Work required ▸ Exact copies of the lines below, from the one with "Jens Risom Modular Walnut Credenza and Hutch" up to and including the one with "IEE2575 Hawaii License Plate", are what this calls for; leave out pictures.

Source material ▸

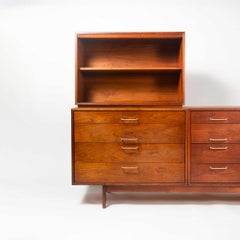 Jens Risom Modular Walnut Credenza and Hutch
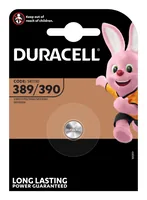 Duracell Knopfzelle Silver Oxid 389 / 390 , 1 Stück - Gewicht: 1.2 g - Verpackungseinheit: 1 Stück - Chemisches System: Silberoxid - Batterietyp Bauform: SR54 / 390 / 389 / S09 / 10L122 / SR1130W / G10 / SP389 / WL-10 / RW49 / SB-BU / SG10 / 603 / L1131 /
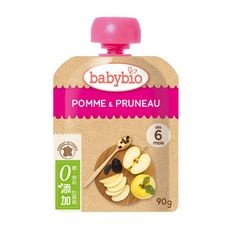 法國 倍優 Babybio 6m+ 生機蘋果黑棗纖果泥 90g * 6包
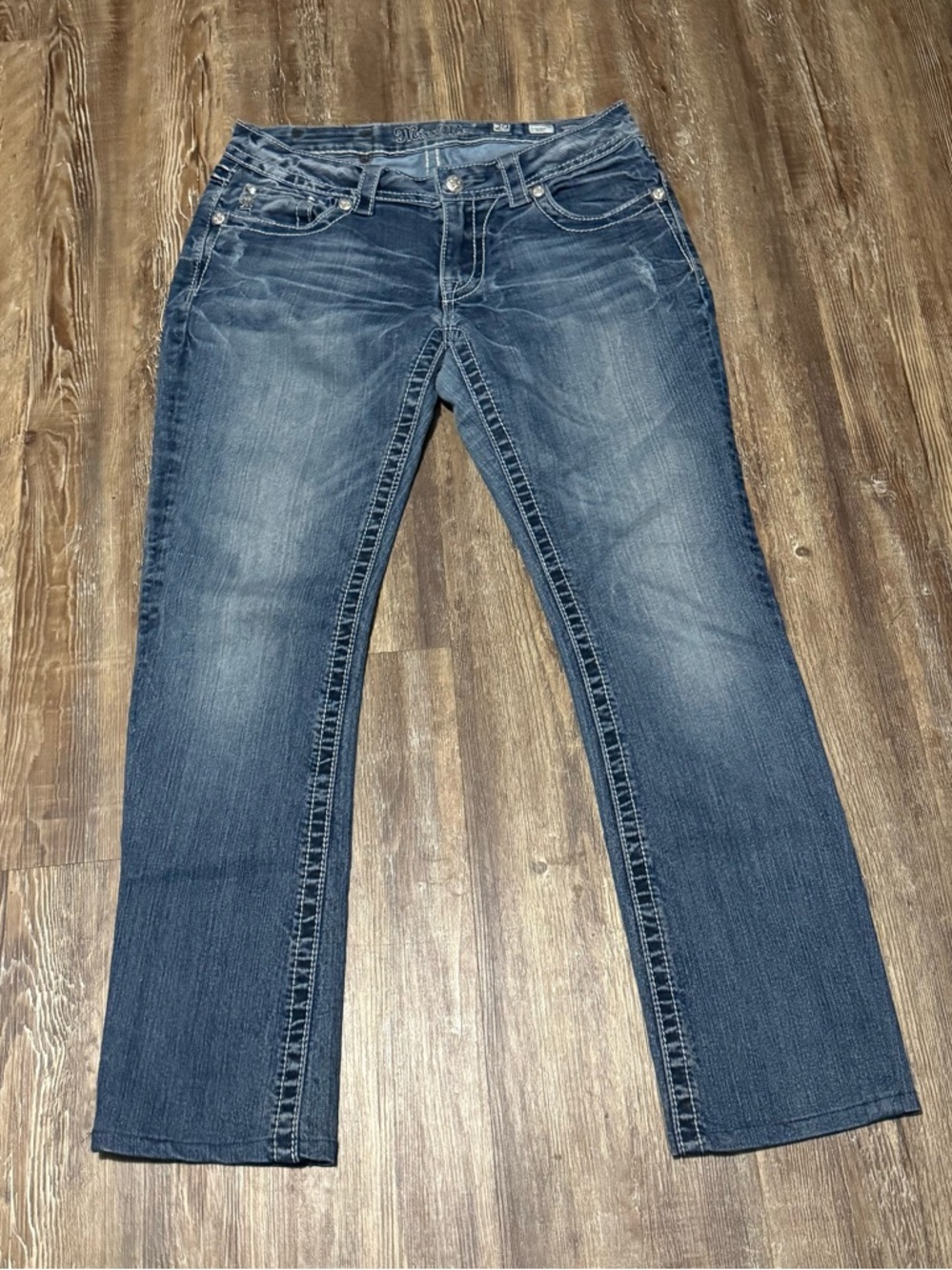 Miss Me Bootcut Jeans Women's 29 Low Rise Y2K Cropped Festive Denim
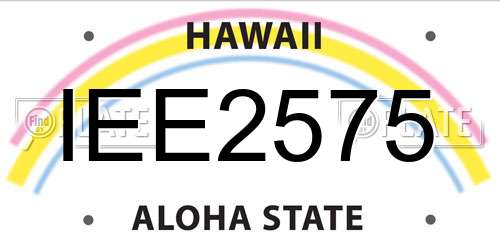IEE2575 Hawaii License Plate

* * *

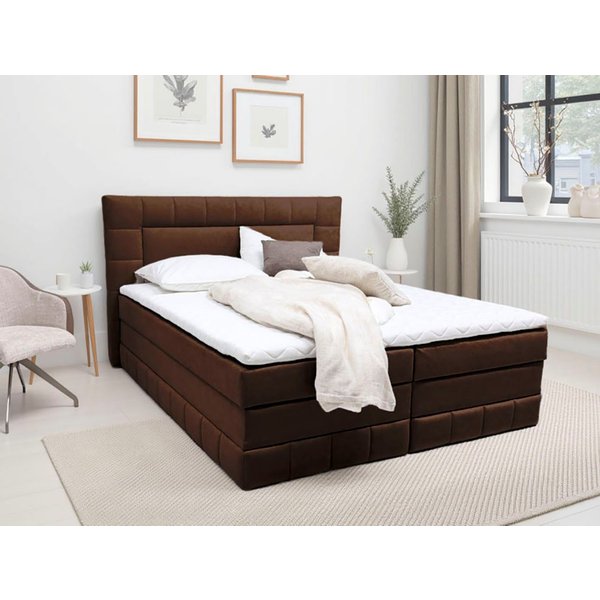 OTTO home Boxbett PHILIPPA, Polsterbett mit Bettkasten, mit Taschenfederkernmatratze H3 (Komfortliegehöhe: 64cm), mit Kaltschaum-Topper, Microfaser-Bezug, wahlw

* * *

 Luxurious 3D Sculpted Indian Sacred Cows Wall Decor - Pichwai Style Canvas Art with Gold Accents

Result for this task ▸
 Jens Risom Modular Walnut Credenza and Hutch
 Duracell Knopfzelle Silver Oxid 389 / 390 , 1 Stück - Gewicht: 1.2 g - Verpackungseinheit: 1 Stück - Chemisches System: Silberoxid - Batterietyp Bauform: SR54 / 390 / 389 / S09 / 10L122 / SR1130W / G10 / SP389 / WL-10 / RW49 / SB-BU / SG10 / 603 / L1131 /
 法國 倍優 Babybio 6m+ 生機蘋果黑棗纖果泥 90g * 6包
 Miss Me Bootcut Jeans Women's 29 Low Rise Y2K Cropped Festive Denim
IEE2575 Hawaii License Plate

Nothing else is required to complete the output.